Give back the lines below exactly, but do not include any pictures.

Supplied data -
————————

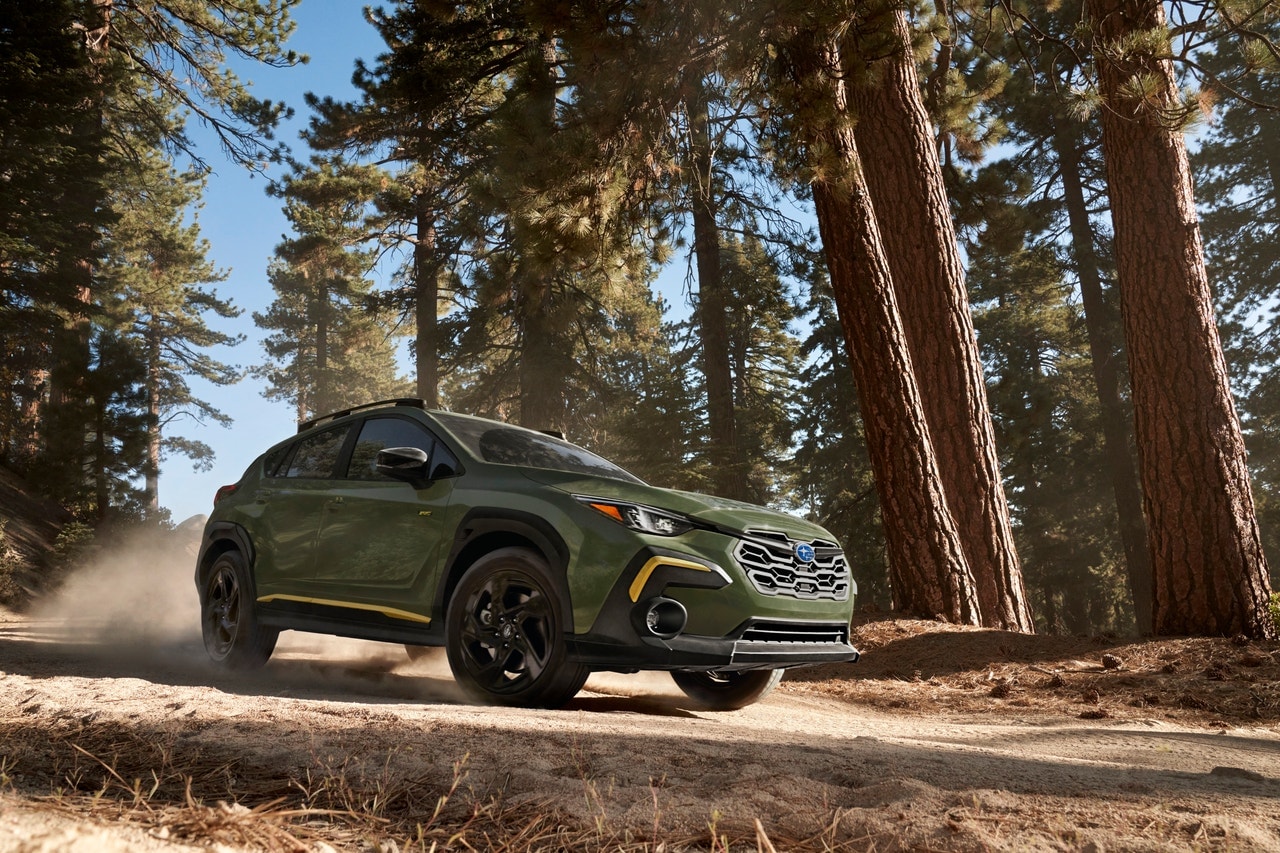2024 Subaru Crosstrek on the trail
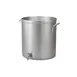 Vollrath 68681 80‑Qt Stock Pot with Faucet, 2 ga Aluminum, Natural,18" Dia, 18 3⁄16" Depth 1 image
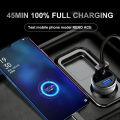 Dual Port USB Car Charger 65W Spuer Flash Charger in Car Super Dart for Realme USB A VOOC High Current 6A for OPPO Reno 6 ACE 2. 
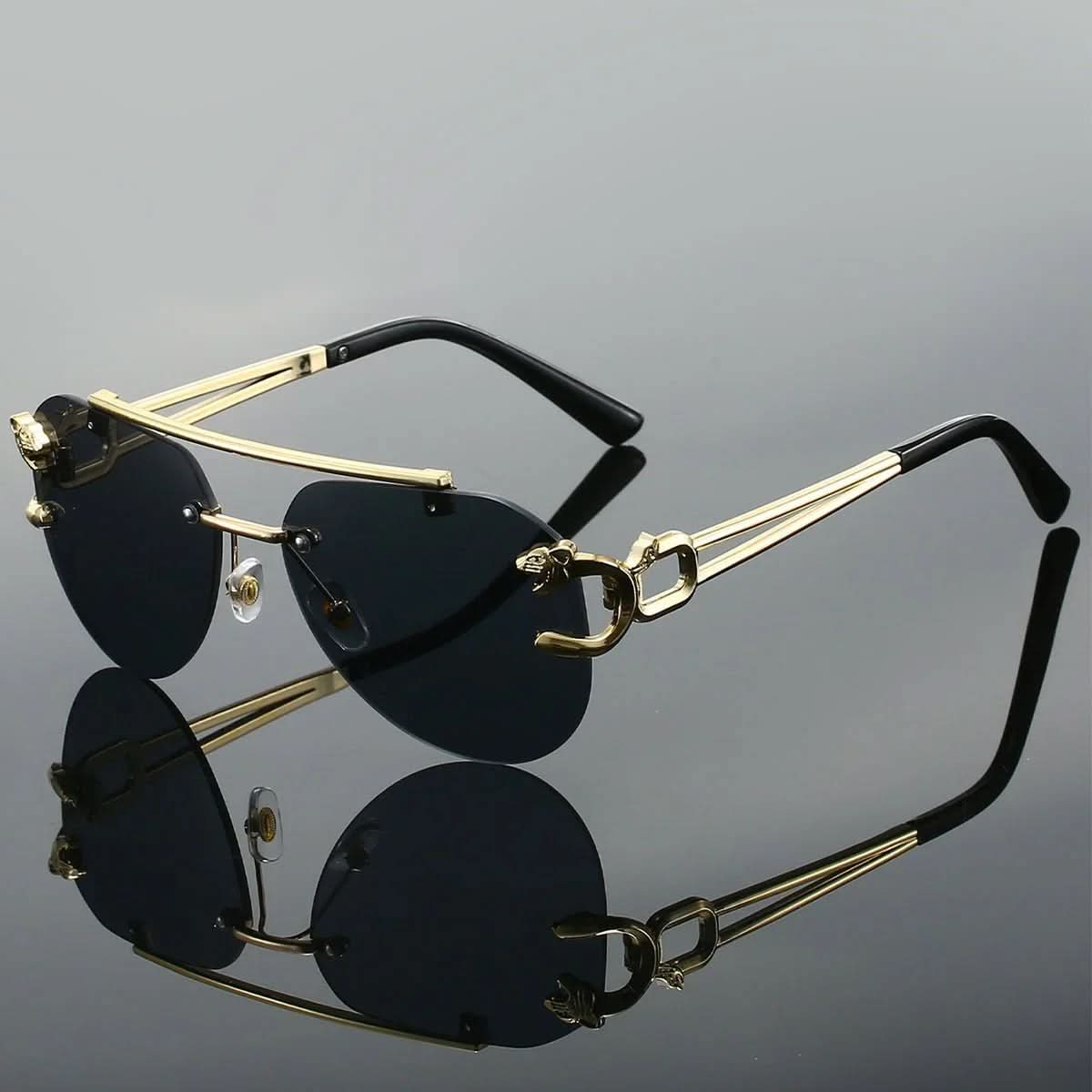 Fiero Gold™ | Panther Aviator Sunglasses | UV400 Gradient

————————

Task result -
2024 Subaru Crosstrek on the trail
 Vollrath 68681 80‑Qt Stock Pot with Faucet, 2 ga Aluminum, Natural,18" Dia, 18 3⁄16" Depth 1 image
 Dual Port USB Car Charger 65W Spuer Flash Charger in Car Super Dart for Realme USB A VOOC High Current 6A for OPPO Reno 6 ACE 2. 
 Fiero Gold™ | Panther Aviator Sunglasses | UV400 Gradient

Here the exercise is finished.